But Secrets & Lies is about so much more. Cynthia, who is a single mother, is reeling from loneliness and the difficult relationship with her daughter, Roxane (Claire Rushbrook), who cleans roads for the city. Roxane resents Cynthia for being a single mother and withholding the identity of her father. The women often fight, resulting with Roxane storming out to spend time with her boyfriend or drinking at the tub.
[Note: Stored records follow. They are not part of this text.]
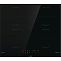 Варочная панель Gorenje GI6401BSCE
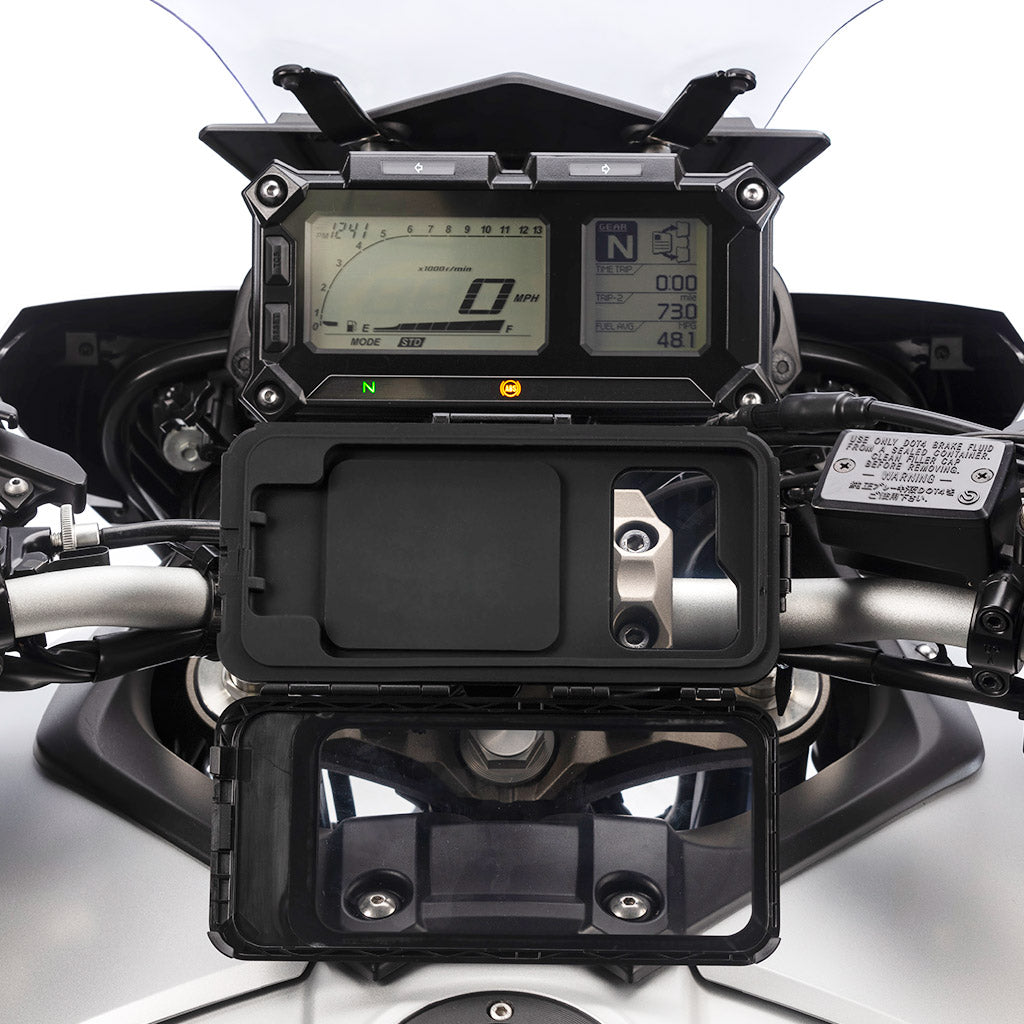 Ultimateaddons Germany Website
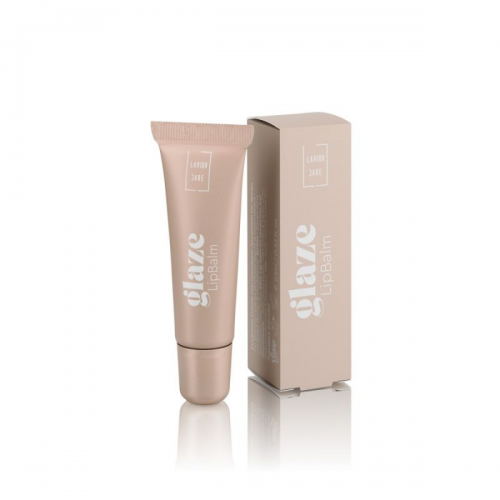Lavish Care Glaze Lipbalm 10ml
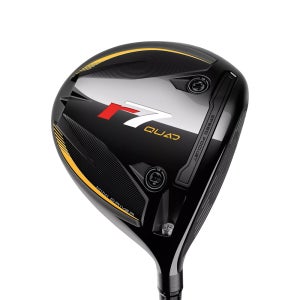 테일러메이드 (25)R7 쿼드 미니 드라이버 11.5도 DIAMANA TM 55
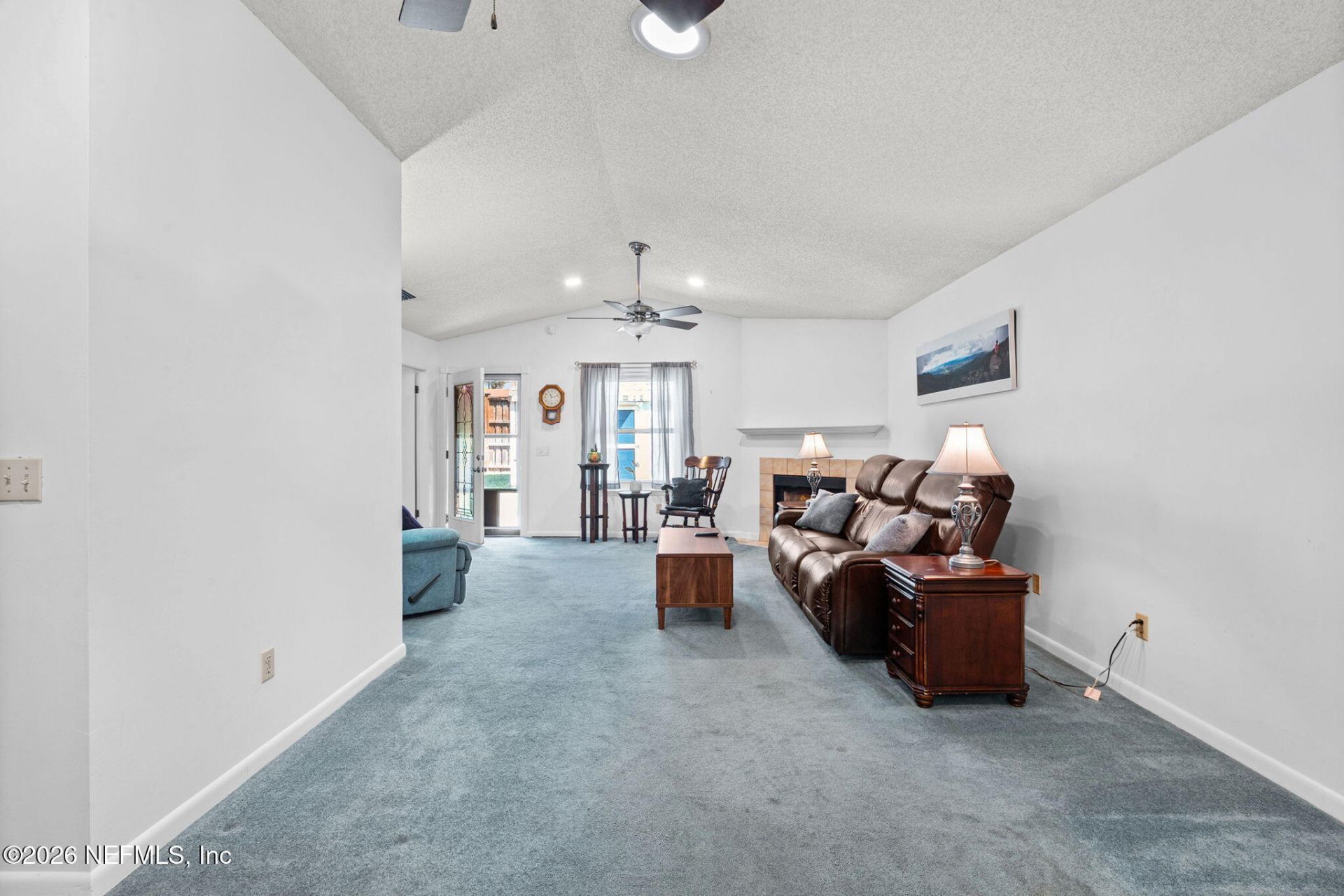 14383 Pablo Bay Drive, Jacksonville, FL 32224 Photo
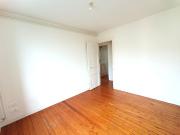 Appartement 2 pièces, 75 m² à louer à Reims 51100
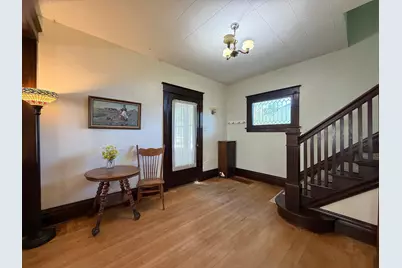 235 8th Avenue, Granite Falls, MN 56241 - Photo 5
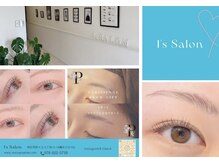 ワンズサロン(1's Salon)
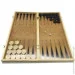 Newt    3  1 Set3 NE-LG-12 , 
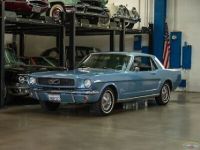 Ford Mustang - <small></small> 30.000 € <small>TTC</small> - #1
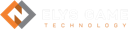 Logo for Elys Game Technology Corp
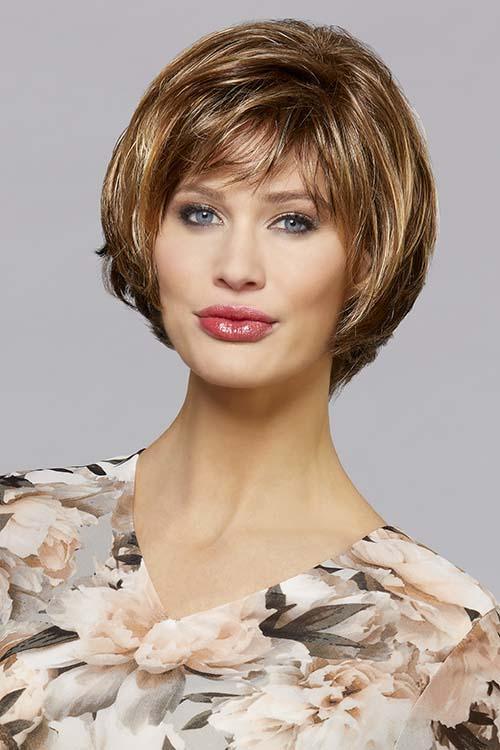 Ella Wig by Henry Margu | Synthetic (Traditional Cap) | Clearance - Ultimate Looks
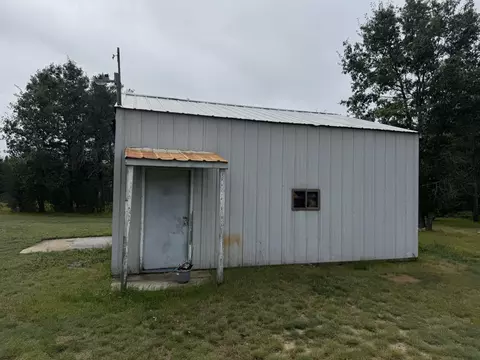 Other - 1638 S Stephan Bridge Rd, Grayling, MI 49738 photo 9 of 10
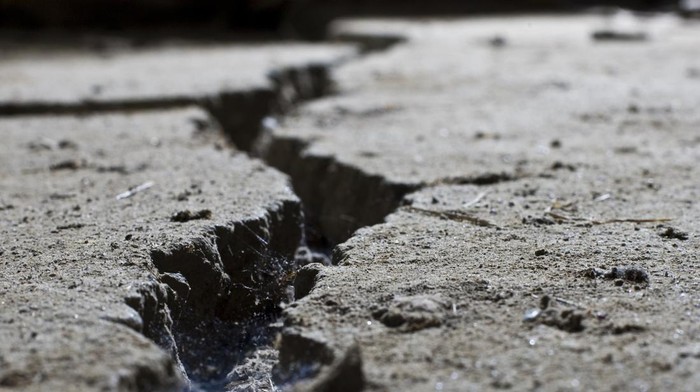 Gempa M 6,1 Guncang Turki, WNI Selamat Namun Bantuan Darurat Terus Dicari!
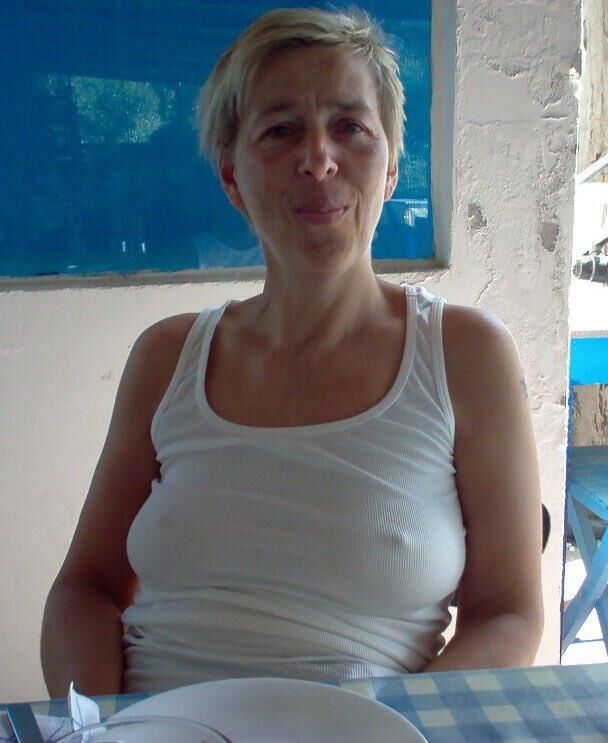Pokies da mãe são tão fofos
Leigh expands his cast beyond the nuclear family. Cynthia adores her photographer brother, Maurice (Timothy Spall), but hasn’t heard from him much, blaming his wife, Monica (Phyllis Logan). Maurice and Monica are well-off, living in a posh house in the suburbs, but things aren’t perfect there either, as we soon discover. This is a family suspended in pain by, well, secrets and lies. When Hortense enters Cynthia’s life, she triggers a series of events that allows each member of the family to confront their traumas and finally overcome the ordeals that have kept them emotionally apart for so many years.
Leigh and his actors understand the characters to the core, something that is derived from the director’s unorthodox way of creating a movie. Before the cameras begin to roll, Leigh and his actors work to develop the characters through a weeks-long collaboration where they create and dive deep via improvisation. Leigh then writes his scripts based on this period of teamwork, giving his movies a vibrant feel.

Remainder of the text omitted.